#### EXERCISE INSTRUCTIONS:
Drop the pictures, then repeat every record exactly as it stands.

- - - - - - -

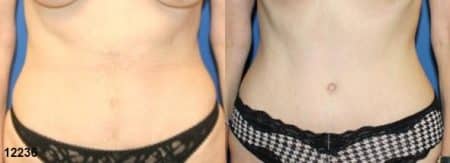 patient-12534-tummy-tuck-abdominoplasty-before-after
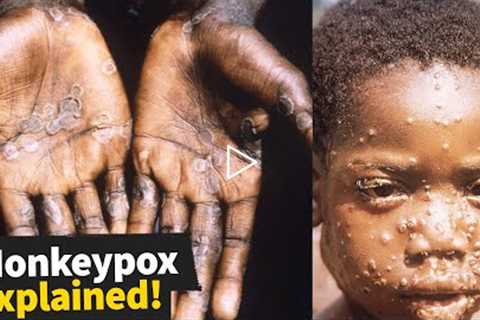 5 Things You Need to Know about Monkeypox Right Now!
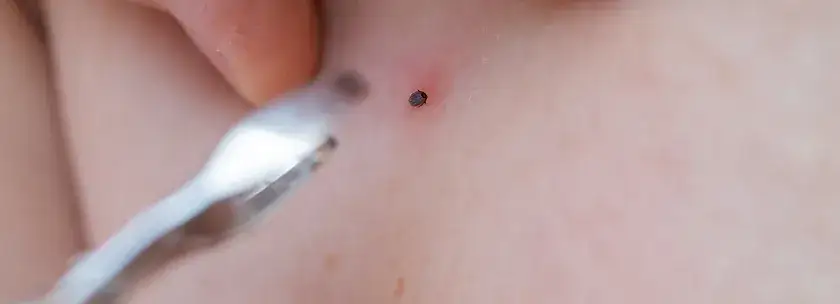 Czym smarować ugryzienie kleszcza? Unikaj tych niebezpiecznych substancji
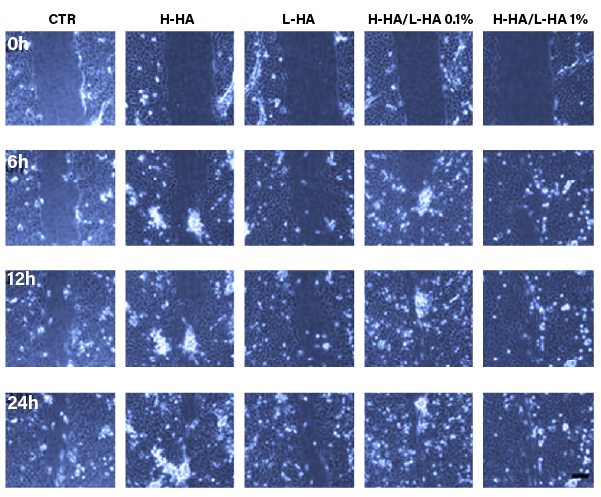 tissue repair clinical trial sheet images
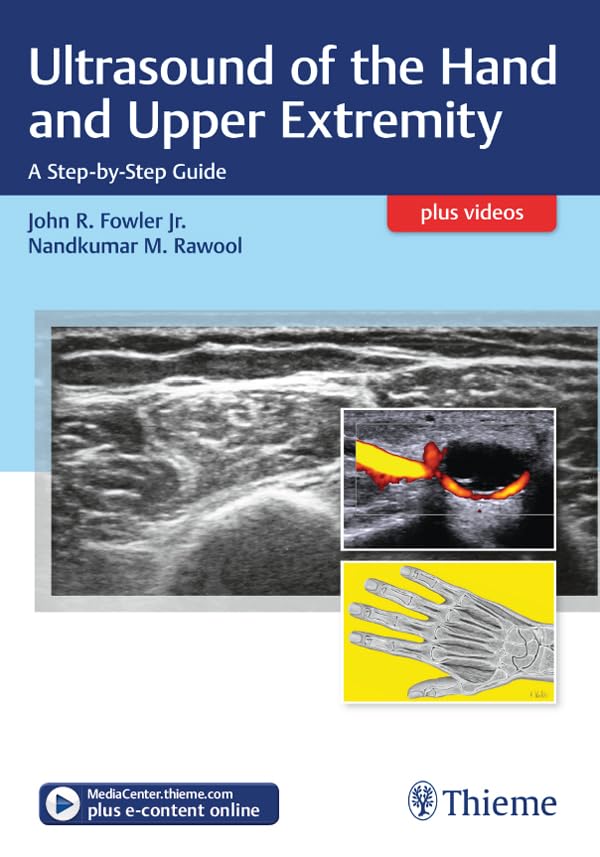 Ultrasound of the Hand and Upper Extremity: A Step-by-Step Guide (English Edition)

- - - - - - -

#### RESULT OF THE EXERCISE:
 patient-12534-tummy-tuck-abdominoplasty-before-after
 5 Things You Need to Know about Monkeypox Right Now!
 Czym smarować ugryzienie kleszcza? Unikaj tych niebezpiecznych substancji
 tissue repair clinical trial sheet images
 Ultrasound of the Hand and Upper Extremity: A Step-by-Step Guide (English Edition)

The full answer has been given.